Excursion Report: Virtual Presentation on Nuclear Fusion

Principles and Challenges of Controlled Nuclear Fusion
Presenter: Dr. Rajesh Miangi, event hosted by the American Nuclear Society at UMD.
Occured Nov. 25, 2025, 7-8pm, over Zoom.

Summary

Following introductions, Dr. Miangi introduced us to a couple definitions. Nuclear fusion, he explained, is the process of combining small atoms into larger ones. He then walked through an example with hydrogen fusion (as seen in stars) and deuterium-tritium fusion. He also defined plasma to be a state of matter when atoms decompose into “a soup of ions and electrons” where electrons are free to move around between different ions. This is important because fusion requires atoms to be very energetic. Ions must be heated enough to overcome electric repulsion, so “we have to pass through a plasma state to reach temperatures suitable for fusion”. In fact, particles have to be about 200 million Kelvin. “Immense heat, immense energy,” he tells us. “You have to have some way to confine it. How do you maintain that?”

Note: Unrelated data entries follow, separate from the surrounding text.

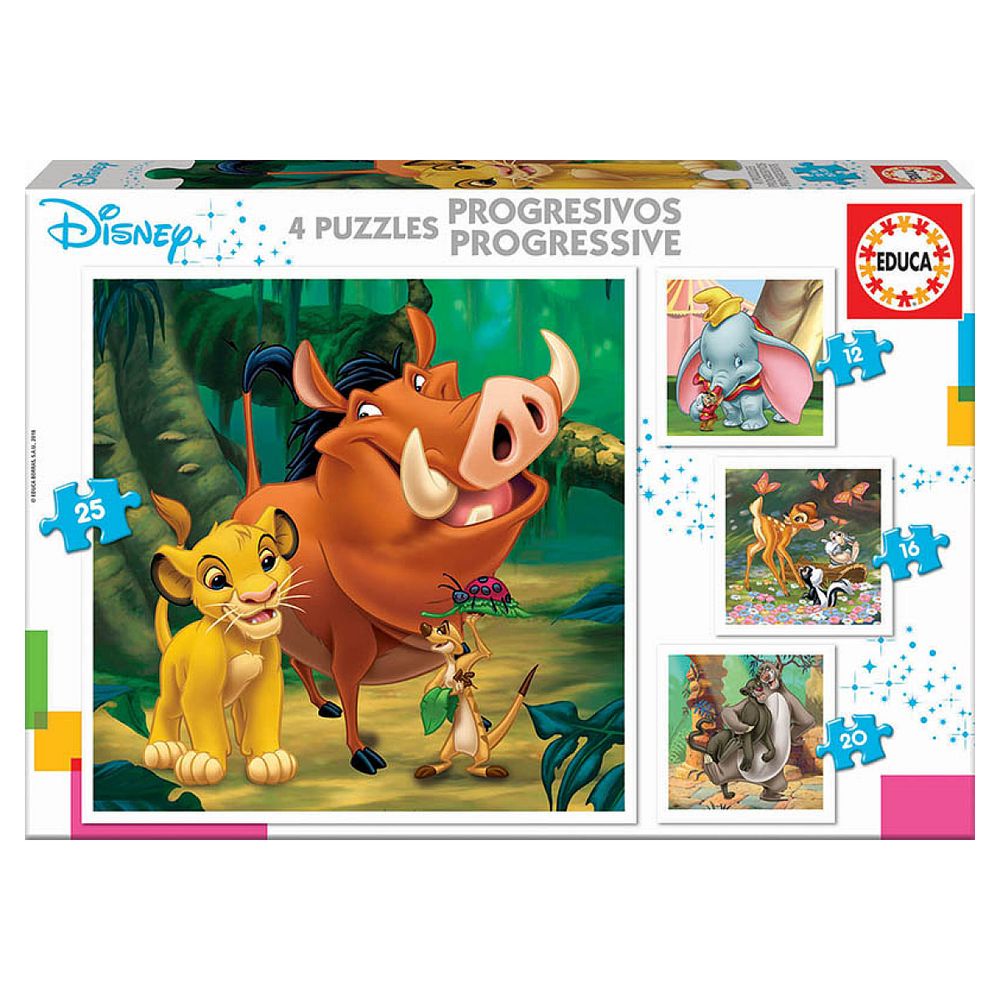 4 puzzles evolutifs - les animaux de disney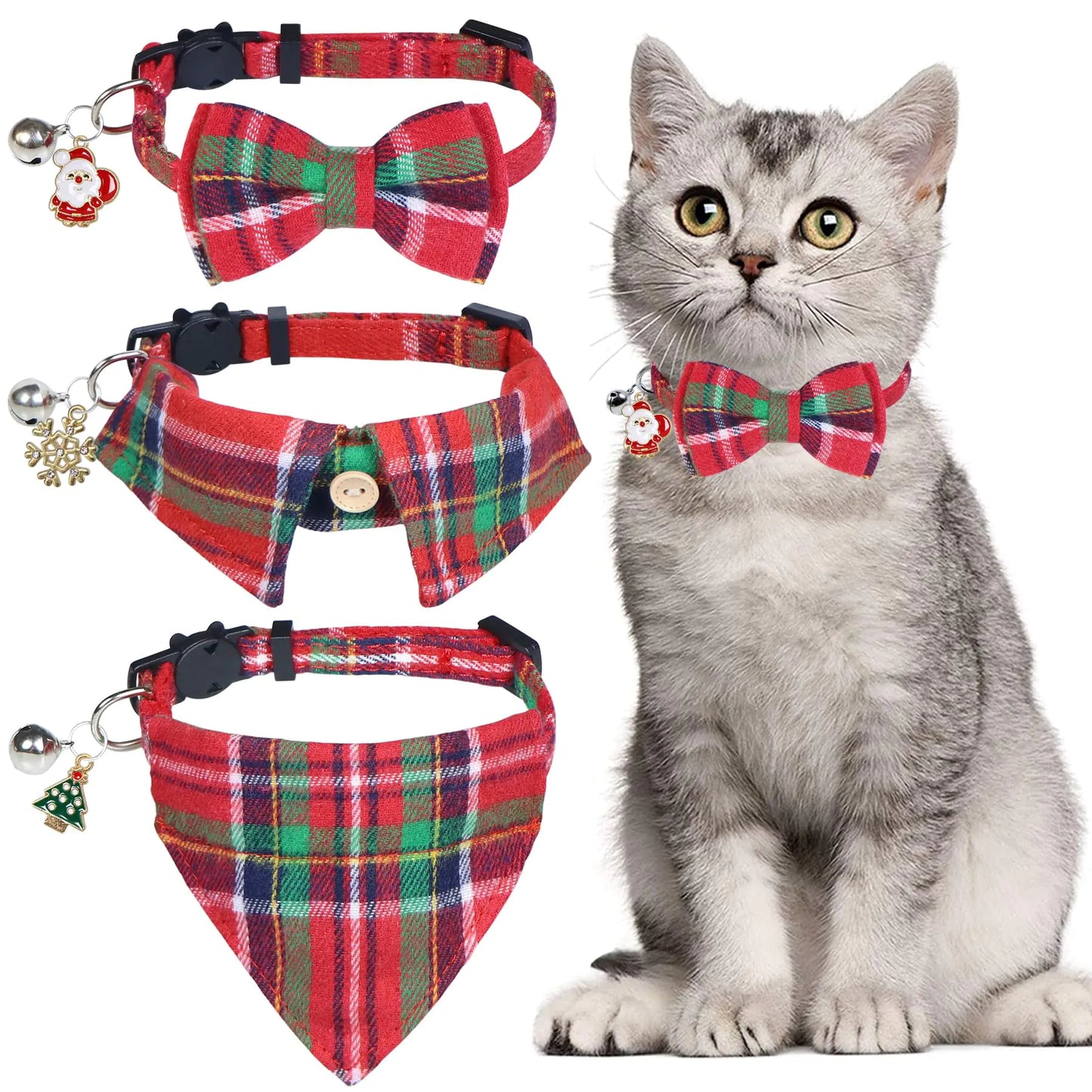 Holiday Charm 3-Pack Cat Collars with Bowtie and Bells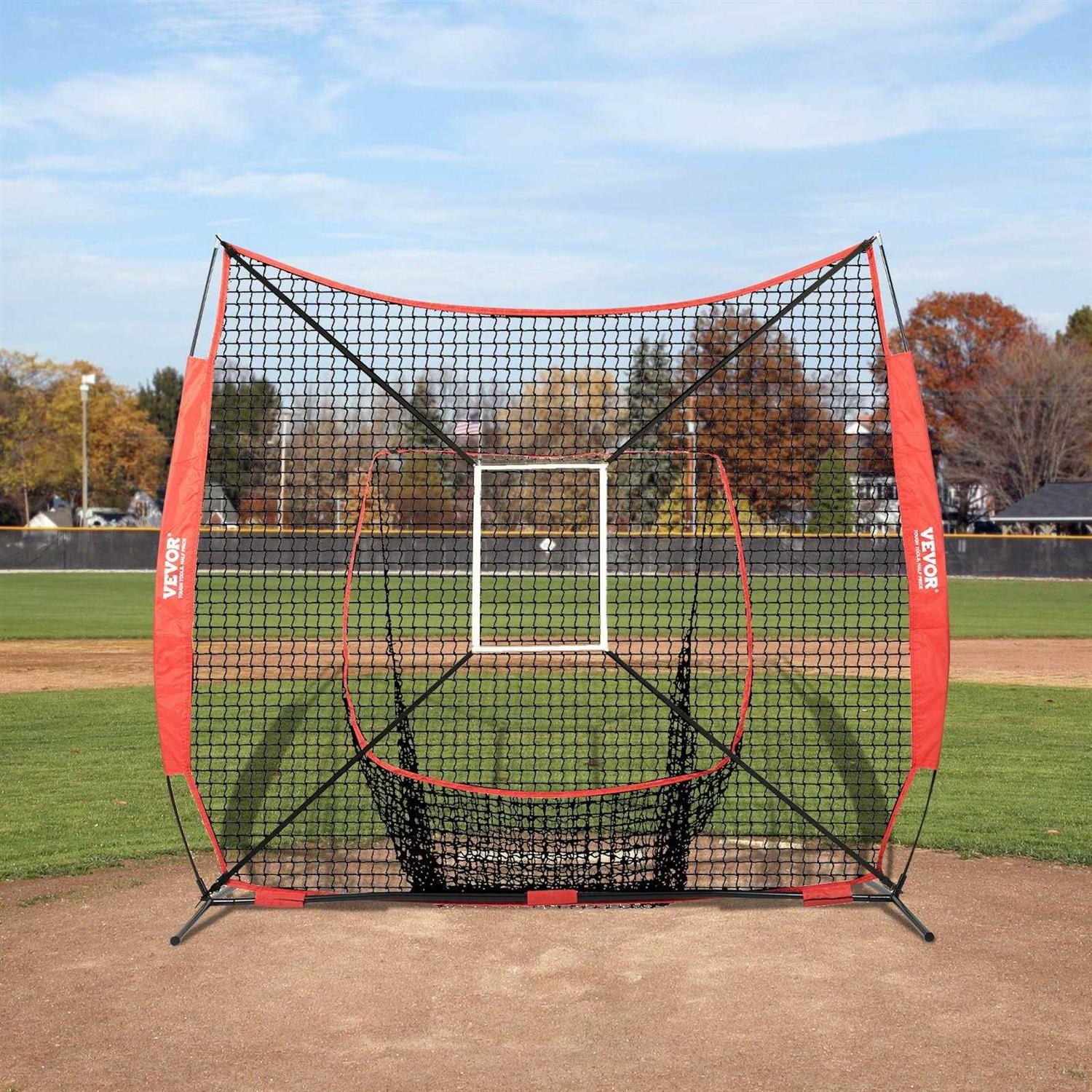 VEVOR 7 x 7 ft. Baseball Portable Softball Practice Net for Hitting Catching Pitching - Sports Supplies Online Store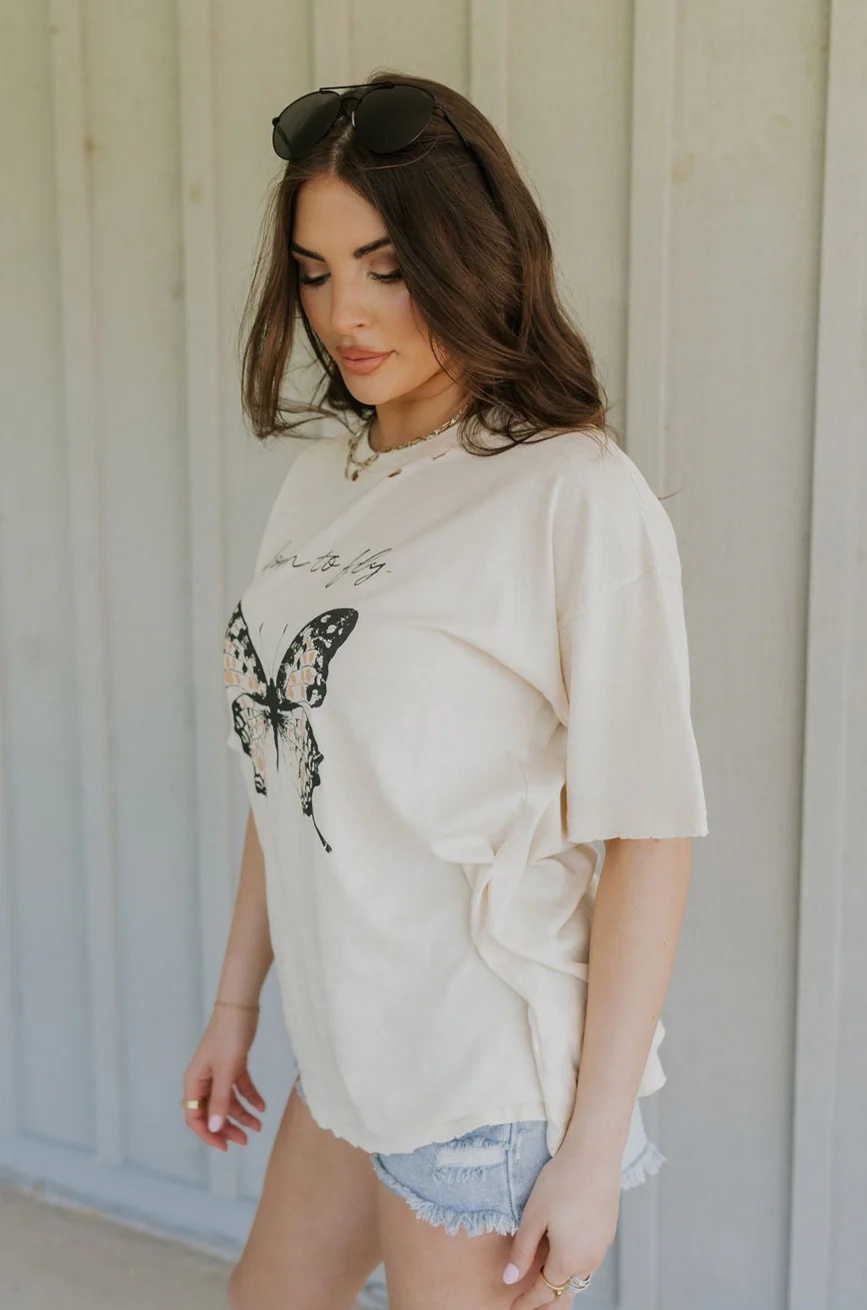 Born To Fly Butterfly Graphic Tee - Image 6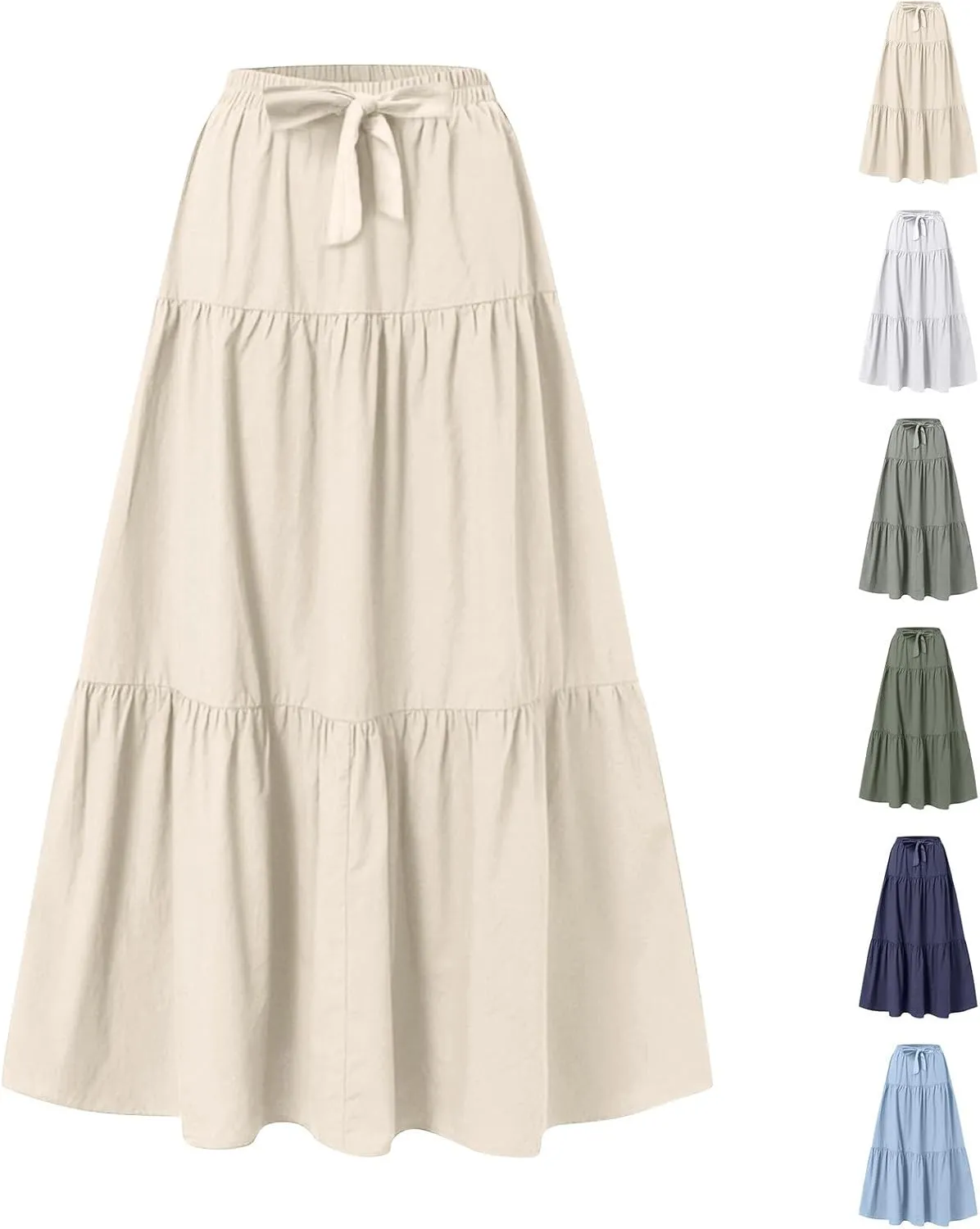Linen Maxi Skirts for Women 2025 Summer Bow Elastic Waist A Line Tiered Boho Skirt Vacation Beach Long Pleated Skirt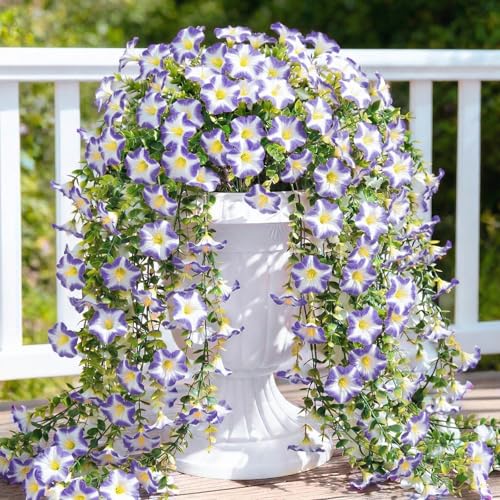 Artificial Hanging Flowers for Outdoors, 6 PCS Silk Morning Glory Artificial Flowers with Eucalyptus Leaves, UV Resistant Fake Flower Realistic Faux Plants for Home Patio Porch, Light Purple White - color: Light Purple White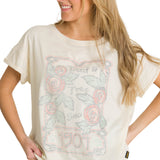 Polera Manga Corta Mujer Diseño Blanco CAT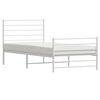 vidaXL Bedframe met hoofd- en voeteneinde metaal wit 75x190 cm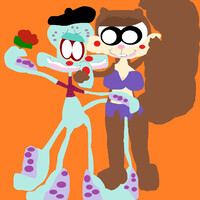 Suave Squidward With A Rose For Sandy Again^^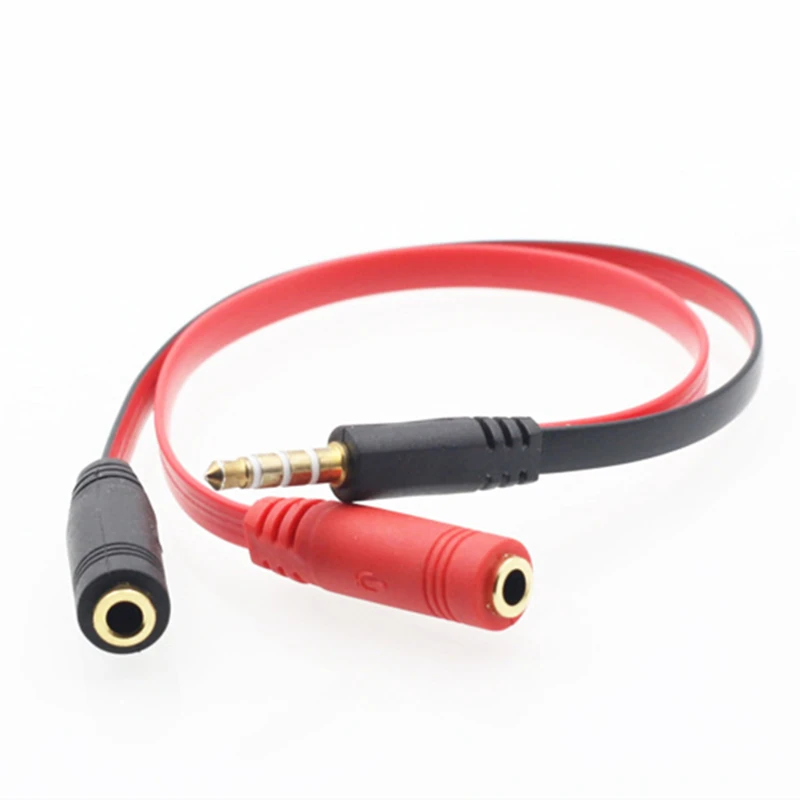 Rankman 3.5mm Jack Audio Male to 2 Female Ports with Mic Headphone Extension Cable Splitter AUX Cord for Speaker Phone Earphone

We can’t physically contain plasma; all of our current materials melt long before then. The main part of Dr. Miangi’s lecture was discussing gravitational, magnetic, and inertial confinement. He justifies our use of magnetic confinement – which confines plasma in the direction across the field – by comparing it to gravity as seen in the sun. He then explains that magnetic fields don’t “hold” particles like matter does, but instead guides its motion, so we can’t just make a simple tube because the plasma would go out. Along this line of reasoning, he justifies the torus shape we typically associate with fusion reactors. Finally, he discusses how we heat up plasma to those temperatures. After some discussion on resistive, wave, and ion beam heating, he took questions.

My thoughts

I found this talk pretty convincing. It’s not so much an argumentative presentation than an informative one, and the things he shared were largely basic information within the field. He cited information consistent with what I’ve learned in the past. One part that I wasn’t fully convinced by was why we used a torus; Dr. Miangi explained that any sphere would have a dead spot where plasma could leak, citing something called the “hairy ball theorem”. Informally, he asked us to imagine combing a coconut; it’s impossible to do so without forming a “cowlick”, a place where the hair sticks out.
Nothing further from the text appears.